Comme toujours en Chine, les statistiques sont à prendre avec des pincettes. Ainsi celles du chômage, stable à 4 % de la population active même durant la grande crise de 2009, ne prennent-elles pas en compte le cas des salariés privés de leur revenu pendant des mois. Récemment à Pékin, 40 travailleurs de la construction ont manifesté pour récupérer un arriéré de trois années de salaires.
 

La Chine va au-devant d’explosions sociales

 
Les deux-tiers des travailleurs licenciés ces dernières années sont très peu qualifiés et pour moitié âgés de plus de 40 ans. Le gouvernement a dû allouer 13 milliards d’euros pour réinstaller et former des travailleurs licenciés par l’industrie sidérurgique et les mines. Le pouvoir redoute beaucoup plus les ouvriers nés dans les villes, qui ne peuvent pas retourner dans des villages d’origine, que les migrants venus des campagnes. La colère sociale se retourne d’ailleurs souvent contre les travailleurs venus des campagnes, ces 280 millions de migrants de l’intérieur, comme en Occident elle tend à se retourner contre les travailleurs étrangers, eux aussi vécus comme des concurrents « à bas coûts ». Les migrants de l’intérieur sont souvent contraints de payer les services de base normalement gratuits.
 
Au troisième trimestre 2016, pour la première fois, l’agitation sociale dans les services s’est révélée supérieure à celle constatée dans l’industrie, selon le Bulletin chinois du travail.

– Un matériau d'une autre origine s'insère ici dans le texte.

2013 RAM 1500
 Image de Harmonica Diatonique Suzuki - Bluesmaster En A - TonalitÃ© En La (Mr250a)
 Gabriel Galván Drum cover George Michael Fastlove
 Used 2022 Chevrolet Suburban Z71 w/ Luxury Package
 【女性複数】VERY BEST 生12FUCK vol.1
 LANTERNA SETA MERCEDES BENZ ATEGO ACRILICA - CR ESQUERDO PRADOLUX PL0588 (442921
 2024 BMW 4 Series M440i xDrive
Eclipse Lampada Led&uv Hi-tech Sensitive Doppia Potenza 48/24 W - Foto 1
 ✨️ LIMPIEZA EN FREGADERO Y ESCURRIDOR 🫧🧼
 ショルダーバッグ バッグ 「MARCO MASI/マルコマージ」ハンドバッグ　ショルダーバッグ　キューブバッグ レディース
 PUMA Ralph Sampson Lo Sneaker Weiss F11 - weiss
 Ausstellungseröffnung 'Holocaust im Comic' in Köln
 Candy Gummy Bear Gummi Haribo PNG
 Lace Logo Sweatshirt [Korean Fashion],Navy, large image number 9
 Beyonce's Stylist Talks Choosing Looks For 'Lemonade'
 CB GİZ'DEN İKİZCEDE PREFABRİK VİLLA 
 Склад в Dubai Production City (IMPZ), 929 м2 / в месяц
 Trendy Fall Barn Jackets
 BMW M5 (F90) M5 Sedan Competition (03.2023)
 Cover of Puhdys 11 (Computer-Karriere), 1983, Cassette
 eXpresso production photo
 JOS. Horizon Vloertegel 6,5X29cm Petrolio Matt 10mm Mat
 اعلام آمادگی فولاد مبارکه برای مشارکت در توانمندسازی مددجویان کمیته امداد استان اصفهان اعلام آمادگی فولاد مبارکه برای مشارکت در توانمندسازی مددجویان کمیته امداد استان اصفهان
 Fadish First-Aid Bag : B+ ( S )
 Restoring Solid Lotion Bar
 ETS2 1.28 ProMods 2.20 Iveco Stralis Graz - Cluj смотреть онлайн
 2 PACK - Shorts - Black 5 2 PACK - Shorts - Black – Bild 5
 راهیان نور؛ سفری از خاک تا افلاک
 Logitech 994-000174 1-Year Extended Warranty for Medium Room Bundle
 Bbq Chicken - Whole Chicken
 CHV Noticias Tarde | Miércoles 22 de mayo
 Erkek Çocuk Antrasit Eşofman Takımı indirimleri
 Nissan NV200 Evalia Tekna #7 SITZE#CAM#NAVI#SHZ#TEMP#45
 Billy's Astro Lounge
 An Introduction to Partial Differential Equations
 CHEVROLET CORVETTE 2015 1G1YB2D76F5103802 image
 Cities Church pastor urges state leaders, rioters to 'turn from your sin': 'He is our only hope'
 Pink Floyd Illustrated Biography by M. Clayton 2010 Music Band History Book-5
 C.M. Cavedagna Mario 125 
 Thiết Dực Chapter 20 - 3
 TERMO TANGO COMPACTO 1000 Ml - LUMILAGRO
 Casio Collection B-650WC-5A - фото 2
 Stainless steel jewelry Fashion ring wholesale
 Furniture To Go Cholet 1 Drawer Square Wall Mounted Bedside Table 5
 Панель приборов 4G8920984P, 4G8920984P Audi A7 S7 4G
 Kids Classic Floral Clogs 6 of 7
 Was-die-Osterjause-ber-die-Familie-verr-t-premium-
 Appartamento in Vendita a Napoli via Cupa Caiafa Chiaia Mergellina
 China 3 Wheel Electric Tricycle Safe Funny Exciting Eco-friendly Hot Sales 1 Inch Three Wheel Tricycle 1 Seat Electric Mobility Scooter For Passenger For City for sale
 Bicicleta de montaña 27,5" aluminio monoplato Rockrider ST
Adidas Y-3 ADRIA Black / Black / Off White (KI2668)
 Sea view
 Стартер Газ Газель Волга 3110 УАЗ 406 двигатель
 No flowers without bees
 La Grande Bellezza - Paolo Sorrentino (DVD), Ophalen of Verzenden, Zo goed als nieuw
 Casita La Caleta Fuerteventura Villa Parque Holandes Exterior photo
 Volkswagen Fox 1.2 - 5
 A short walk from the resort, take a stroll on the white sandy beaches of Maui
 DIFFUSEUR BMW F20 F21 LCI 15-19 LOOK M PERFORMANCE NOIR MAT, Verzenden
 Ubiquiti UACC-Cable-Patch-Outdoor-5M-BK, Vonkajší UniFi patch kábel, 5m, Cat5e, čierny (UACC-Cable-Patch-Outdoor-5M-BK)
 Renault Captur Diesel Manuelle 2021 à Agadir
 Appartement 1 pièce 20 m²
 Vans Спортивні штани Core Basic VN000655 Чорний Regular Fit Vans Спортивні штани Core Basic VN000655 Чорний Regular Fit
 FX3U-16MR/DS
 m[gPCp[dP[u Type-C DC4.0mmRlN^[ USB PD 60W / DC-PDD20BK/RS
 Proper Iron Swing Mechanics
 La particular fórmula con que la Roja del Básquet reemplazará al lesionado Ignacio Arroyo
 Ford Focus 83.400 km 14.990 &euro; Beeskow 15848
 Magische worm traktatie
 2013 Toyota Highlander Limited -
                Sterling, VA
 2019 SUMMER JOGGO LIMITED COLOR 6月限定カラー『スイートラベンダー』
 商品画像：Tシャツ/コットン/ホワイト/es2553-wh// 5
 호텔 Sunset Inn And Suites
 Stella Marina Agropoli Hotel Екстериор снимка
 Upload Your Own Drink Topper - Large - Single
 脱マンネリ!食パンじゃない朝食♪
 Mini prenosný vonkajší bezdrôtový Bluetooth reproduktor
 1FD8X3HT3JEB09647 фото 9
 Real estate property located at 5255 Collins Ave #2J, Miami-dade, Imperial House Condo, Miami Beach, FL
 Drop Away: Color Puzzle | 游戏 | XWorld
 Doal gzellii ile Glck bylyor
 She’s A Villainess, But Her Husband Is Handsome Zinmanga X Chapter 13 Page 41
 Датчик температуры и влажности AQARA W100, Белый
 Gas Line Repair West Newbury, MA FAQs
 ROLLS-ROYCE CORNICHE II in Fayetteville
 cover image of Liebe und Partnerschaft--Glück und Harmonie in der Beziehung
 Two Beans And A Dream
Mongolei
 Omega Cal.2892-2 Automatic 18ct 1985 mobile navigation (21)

NGO, société basée Hong Kong, a relevé 2.271 manifestations de travailleurs de l’industrie entre janvier et novembre, chiffre quatorze fois supérieur à celui relevé sur la même période de l’année 2011.
 
La propagande tente d’endiguer la colère en pointant du doigt l’Occident, prétendant que le Brexit ou l’élection de Trump sont le signe de l’inadaptation de la démocratie des pays développés. Le régime renforce son contrôle sur les moyens de communication. En Chine, la colère n’aura même pas le vote pour s’exprimer. L’explosion, si elle a lieu, n’en sera que plus redoutable.